It is possible to do what you’re describing, as long as you are okay with the security implications of distributing a csv with a bunch of passwords to 200 servers.
Say you had a simple “password.csv” containing the following:
server1,p@ssw0rd
server2,P@SSW0RD
Using that, you could match the computer to the line in the CSV and create a parameter in your action script containing just the password, like so:
parameter "password" = {following text of first "," of line whose (it starts with (computer name as lowercase)) of file "password.csv")

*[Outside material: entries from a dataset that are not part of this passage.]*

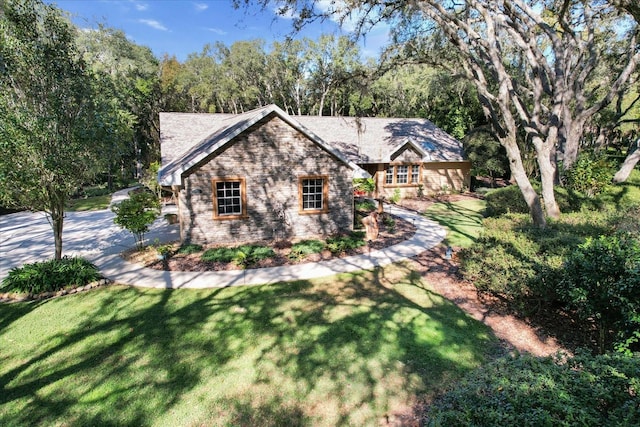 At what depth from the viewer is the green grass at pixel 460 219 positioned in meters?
14.0

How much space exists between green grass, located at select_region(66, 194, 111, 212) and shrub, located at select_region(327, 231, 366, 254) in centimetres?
1634

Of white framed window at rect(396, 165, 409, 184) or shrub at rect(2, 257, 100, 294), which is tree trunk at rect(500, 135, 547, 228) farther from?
shrub at rect(2, 257, 100, 294)

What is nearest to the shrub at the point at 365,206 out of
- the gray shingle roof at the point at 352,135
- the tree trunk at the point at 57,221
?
the gray shingle roof at the point at 352,135

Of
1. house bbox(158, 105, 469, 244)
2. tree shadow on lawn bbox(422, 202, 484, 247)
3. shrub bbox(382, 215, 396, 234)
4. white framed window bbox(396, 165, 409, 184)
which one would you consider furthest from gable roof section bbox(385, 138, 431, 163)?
house bbox(158, 105, 469, 244)

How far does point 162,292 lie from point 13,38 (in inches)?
283

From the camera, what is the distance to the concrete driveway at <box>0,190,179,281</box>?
40.0 ft

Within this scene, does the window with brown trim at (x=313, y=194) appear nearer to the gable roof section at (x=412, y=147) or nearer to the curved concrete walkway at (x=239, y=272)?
the curved concrete walkway at (x=239, y=272)

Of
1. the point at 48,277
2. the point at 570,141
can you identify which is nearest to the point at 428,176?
the point at 570,141

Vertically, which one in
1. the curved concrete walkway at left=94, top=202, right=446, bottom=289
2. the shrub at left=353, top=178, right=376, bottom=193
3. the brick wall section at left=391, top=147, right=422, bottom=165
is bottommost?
the curved concrete walkway at left=94, top=202, right=446, bottom=289

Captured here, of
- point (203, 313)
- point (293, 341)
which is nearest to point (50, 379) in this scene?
point (203, 313)

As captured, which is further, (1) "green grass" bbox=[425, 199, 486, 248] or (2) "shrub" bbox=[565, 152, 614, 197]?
(2) "shrub" bbox=[565, 152, 614, 197]

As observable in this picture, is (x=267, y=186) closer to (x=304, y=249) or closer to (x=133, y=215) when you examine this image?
(x=304, y=249)

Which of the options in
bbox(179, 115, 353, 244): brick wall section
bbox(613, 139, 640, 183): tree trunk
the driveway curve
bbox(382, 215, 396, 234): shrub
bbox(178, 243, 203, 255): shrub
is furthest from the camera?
bbox(613, 139, 640, 183): tree trunk

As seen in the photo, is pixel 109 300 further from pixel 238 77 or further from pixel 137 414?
pixel 238 77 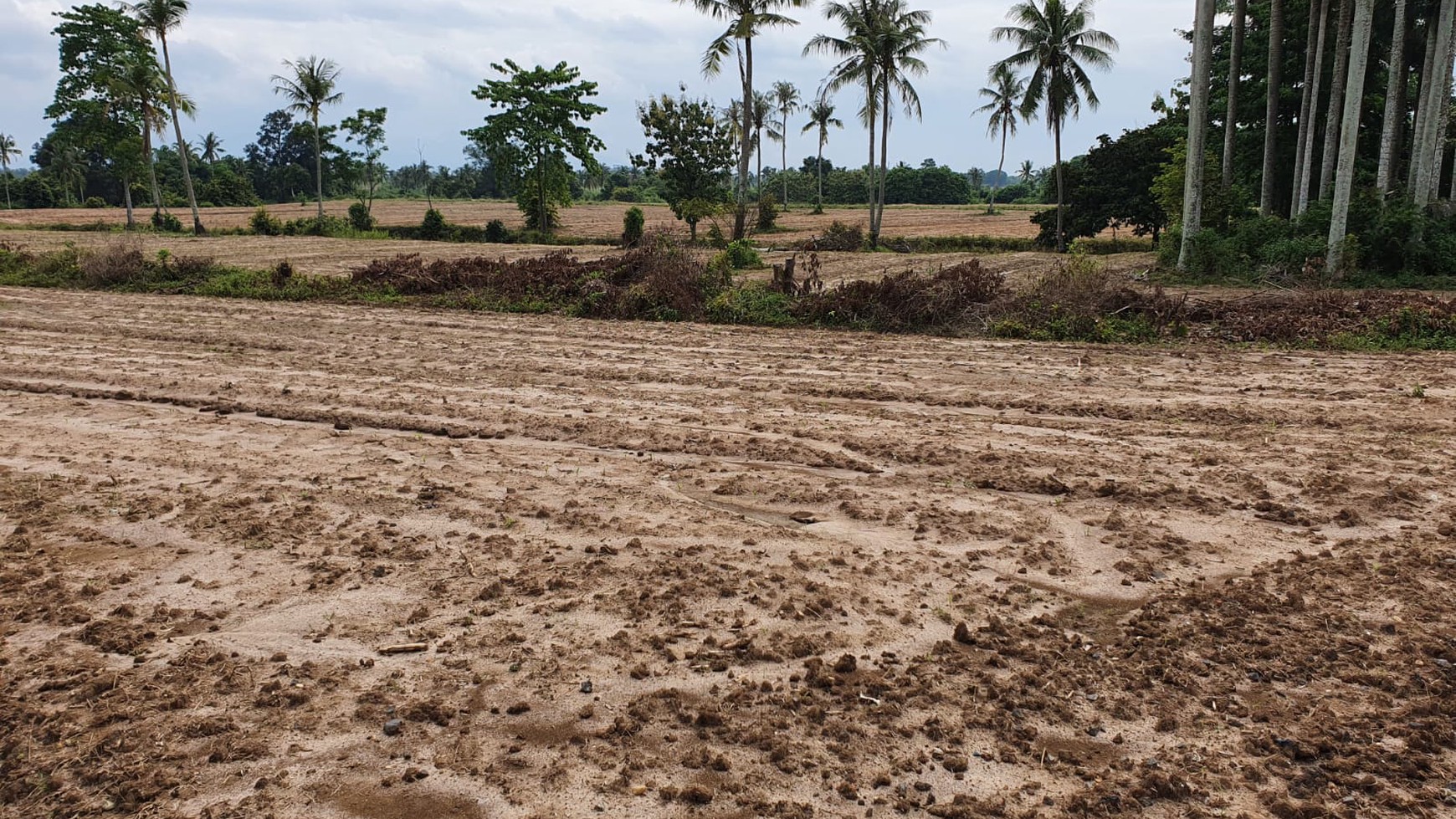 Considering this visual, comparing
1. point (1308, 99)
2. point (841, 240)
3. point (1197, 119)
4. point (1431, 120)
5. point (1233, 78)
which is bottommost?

From there, you could just deploy the task to every server you care about, using our “password” parameter as the argument to net user
Oh yeah, for sure. Didn’t say it was a good idea, just that it was possible. There are definitely ways to harden this approach, so if it is important enough to OP to do this, hopefully my answer is a push in the right direction.

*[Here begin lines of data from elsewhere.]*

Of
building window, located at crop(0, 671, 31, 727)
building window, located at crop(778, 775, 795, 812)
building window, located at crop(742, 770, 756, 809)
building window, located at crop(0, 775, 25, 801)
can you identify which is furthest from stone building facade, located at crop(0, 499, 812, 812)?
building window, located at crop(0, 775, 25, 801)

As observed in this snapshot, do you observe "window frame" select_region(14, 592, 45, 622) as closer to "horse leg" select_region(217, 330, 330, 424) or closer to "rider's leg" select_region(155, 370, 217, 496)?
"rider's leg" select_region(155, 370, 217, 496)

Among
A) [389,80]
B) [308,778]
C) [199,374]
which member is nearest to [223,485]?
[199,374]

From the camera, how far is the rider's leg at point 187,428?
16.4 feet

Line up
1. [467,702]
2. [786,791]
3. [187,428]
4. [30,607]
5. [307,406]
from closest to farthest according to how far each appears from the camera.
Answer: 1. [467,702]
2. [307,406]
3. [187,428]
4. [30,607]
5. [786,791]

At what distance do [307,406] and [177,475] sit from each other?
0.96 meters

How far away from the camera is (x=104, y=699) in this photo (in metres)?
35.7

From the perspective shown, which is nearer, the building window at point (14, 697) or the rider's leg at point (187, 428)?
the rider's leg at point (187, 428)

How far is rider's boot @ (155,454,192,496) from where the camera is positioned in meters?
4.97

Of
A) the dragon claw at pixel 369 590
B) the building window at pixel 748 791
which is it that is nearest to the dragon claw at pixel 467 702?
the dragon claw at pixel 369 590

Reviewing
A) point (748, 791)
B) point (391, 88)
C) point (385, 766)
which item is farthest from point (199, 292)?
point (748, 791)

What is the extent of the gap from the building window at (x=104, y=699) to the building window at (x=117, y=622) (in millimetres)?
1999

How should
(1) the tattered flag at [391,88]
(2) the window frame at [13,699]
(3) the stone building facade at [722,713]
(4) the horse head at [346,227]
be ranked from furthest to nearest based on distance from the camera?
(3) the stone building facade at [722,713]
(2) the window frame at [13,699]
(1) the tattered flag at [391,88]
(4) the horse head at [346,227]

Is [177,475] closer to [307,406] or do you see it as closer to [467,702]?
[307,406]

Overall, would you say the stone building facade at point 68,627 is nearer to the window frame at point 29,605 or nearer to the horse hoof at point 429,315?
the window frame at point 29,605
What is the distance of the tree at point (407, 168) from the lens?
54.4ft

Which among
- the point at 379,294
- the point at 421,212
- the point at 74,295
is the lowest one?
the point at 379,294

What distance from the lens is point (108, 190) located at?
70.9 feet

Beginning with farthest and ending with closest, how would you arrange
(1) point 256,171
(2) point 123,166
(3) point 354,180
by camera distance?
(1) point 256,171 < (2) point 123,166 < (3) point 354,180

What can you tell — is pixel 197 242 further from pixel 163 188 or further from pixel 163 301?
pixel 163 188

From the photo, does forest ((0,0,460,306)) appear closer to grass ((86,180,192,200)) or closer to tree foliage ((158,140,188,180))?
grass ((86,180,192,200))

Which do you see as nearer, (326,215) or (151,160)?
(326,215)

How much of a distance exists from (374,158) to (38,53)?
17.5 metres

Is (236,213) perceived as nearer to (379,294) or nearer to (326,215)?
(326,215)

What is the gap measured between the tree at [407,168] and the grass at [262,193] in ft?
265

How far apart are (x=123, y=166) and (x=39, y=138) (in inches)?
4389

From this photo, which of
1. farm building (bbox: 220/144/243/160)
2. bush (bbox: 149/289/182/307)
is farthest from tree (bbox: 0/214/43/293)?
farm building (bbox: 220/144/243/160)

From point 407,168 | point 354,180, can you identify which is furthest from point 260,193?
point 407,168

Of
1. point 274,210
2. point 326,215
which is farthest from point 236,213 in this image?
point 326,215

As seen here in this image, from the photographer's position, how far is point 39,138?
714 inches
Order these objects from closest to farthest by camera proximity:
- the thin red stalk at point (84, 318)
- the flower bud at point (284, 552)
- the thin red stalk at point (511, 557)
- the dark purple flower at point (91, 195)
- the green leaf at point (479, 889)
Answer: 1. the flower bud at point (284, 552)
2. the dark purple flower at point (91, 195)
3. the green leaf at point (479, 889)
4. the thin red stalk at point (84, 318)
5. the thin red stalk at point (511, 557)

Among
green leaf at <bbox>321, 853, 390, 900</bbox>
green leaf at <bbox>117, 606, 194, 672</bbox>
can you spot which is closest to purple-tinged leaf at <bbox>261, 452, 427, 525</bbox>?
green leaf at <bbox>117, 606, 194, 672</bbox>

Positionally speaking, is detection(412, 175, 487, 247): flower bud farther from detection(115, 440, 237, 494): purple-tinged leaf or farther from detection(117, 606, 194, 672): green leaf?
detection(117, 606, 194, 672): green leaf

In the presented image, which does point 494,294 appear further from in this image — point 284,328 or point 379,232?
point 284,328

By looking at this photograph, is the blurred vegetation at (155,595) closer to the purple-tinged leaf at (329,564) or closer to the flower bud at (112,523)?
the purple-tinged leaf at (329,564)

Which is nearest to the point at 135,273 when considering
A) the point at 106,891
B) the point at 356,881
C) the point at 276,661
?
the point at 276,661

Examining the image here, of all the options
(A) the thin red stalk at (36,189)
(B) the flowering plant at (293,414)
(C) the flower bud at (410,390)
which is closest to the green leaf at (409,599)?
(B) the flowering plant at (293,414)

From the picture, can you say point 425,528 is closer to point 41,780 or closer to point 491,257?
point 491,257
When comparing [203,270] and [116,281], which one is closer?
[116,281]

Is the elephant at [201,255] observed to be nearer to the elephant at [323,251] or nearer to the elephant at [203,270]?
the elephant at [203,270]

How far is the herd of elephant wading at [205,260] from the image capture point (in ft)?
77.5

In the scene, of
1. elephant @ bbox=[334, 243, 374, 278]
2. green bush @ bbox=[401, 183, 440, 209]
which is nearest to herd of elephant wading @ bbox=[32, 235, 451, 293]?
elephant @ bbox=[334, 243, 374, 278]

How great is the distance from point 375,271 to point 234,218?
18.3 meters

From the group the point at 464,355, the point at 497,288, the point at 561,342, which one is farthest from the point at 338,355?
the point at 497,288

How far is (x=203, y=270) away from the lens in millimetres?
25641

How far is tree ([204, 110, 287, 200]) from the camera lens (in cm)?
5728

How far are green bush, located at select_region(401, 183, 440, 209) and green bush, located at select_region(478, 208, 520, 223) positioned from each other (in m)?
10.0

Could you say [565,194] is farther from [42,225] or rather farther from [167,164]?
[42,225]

At my last job, we weren’t really able to deploy LAPS, so I wrote what we called FLAPS (Faux LAPS). It was a per-department policy action that set the admin password on a given computer to a string chosen by the person in that department, the computer’s serial number as lowercase, and a second chosen string. There was an accompanying analysis that would check how recently the password on that account was changed by FLAPS.

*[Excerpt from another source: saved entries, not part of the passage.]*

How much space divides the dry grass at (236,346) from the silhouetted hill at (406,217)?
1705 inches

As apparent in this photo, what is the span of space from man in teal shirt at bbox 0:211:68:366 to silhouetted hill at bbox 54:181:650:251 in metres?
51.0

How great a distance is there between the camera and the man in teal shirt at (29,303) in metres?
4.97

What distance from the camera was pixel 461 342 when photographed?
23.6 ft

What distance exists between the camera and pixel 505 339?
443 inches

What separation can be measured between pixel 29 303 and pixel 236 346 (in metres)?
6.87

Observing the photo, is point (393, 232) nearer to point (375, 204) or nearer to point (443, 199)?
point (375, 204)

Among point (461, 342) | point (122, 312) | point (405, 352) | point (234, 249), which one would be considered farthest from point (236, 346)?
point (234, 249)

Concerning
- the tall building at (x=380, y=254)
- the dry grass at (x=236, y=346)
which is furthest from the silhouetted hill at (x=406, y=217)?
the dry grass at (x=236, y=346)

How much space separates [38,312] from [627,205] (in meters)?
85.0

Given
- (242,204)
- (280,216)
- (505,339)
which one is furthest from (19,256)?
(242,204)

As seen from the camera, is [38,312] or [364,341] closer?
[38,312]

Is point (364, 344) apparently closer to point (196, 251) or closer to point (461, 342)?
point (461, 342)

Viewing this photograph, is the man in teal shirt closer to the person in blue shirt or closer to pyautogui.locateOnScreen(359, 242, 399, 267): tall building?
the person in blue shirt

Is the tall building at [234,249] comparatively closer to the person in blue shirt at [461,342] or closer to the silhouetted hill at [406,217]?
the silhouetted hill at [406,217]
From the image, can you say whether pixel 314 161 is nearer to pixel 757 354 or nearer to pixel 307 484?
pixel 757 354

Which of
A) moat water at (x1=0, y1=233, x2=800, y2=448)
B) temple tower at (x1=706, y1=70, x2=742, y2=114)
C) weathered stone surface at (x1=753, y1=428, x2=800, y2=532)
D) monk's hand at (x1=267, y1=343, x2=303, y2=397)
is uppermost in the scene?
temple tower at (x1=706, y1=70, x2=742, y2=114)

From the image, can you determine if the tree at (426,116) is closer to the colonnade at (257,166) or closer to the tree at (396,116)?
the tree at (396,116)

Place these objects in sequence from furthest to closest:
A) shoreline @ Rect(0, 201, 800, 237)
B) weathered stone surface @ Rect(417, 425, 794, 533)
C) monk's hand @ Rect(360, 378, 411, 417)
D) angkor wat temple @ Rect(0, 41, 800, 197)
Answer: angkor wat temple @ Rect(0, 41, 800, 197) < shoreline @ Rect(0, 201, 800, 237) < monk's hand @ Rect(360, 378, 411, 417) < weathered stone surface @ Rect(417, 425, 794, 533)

Desktop techs didn’t like it because it’s sometimes inconvenient to get a computer’s serial number (like if you’re sitting in front of it), but it otherwise was a good solution for us to make sure we had unique but still usable in a pinch passwords on every machine.
Secure parameters and OpenSSL encrypted passwords two of the common approaches.
We take it a step further in our organization and use relevance substitution to do static + dynamic password combinations based on a formula for additional strength. These combination passwords are now standard practice for our domain and local administrative and service accounts.